世の中には、儲けている人たちだけではありません。株を100万円で買って300万円で売った人の裏には、100万円で株を売った人と300万円で株を買った人が必ず存在しています。必ずです。
そして、損している人は、「株なんて難しいぜ。俺は200万円も損しちまったぜ」なんてつぶやいたりはしません。
僕らが手にする情報は自然と偏っていきます。これは、僕が長年トレーダーとして働いてきて学んだ最も重要なことの1つです。
客観的な数字を見る場合でさえ油断は禁物です。
「過去15年間、こんなに値上がりしているんですよ」と株や投資信託のグラフを見せられることがあります。しかし、その情報も、さらに遡って30年分の動きを見ると別の真実が見えてくる場合があります。

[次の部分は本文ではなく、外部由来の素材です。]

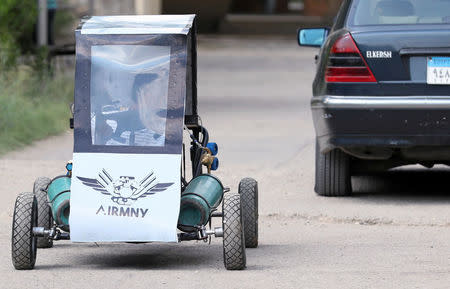 Mahmoud Yasser, mechanical engineering student from Helwan University, drives the air-powered vehicle which he helped design to promote clean energy and battle increasing gas prices, in Cairo, Egypt August 7, 2018. Picture taken August 7, 2018. REUTERS/Mohamed Abd El Ghany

情報は歪んでいるかもしれないと疑ったほうが賢明です。
盲点2:投資をしても日本はほとんど変わらない
政府は「貯蓄から投資へ」をスローガンにしています。経済を成長させるため、企業を応援するためにも投資が重要だという声がありますが、ただ投資マネーが増えても、経済が成長するわけではありません。
バブル崩壊から30年以上たっても、日本の株価は当時の水準をいまだに回復していません。一方で、アメリカの株価は10倍以上に上昇しています。
日本の株価が回復しない理由として、「日本人は預金ばかりして投資をしなかったからだ。1000兆円の個人預金が投資に回れば日本は成長する」という声も聞こえますが、これはいささか無理がある主張です。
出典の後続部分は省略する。